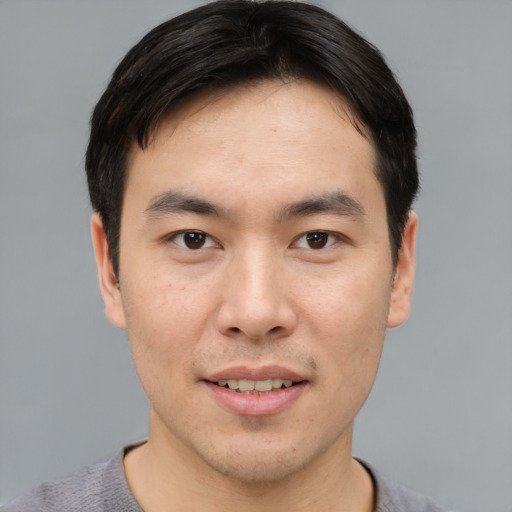 Joyful asian young-adult male with short  brown hair and brown eyes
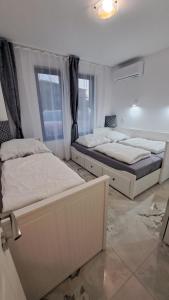 a bedroom with two beds and a window at Diamond Beach Luxus Apart Obzor 28 in Obzor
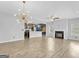 Open living room with wood floors, a fireplace, modern lighting, and a view into the kitchen area at 488 Jefferson Chase St, Atlanta, GA 30354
━━━
# Work order
Give back the whole listing exactly, without pictures.

# Task response
 Joyful asian young-adult male with short  brown hair and brown eyes
 a bedroom with two beds and a window at Diamond Beach Luxus Apart Obzor 28 in Obzor
 Open living room with wood floors, a fireplace, modern lighting, and a view into the kitchen area at 488 Jefferson Chase St, Atlanta, GA 30354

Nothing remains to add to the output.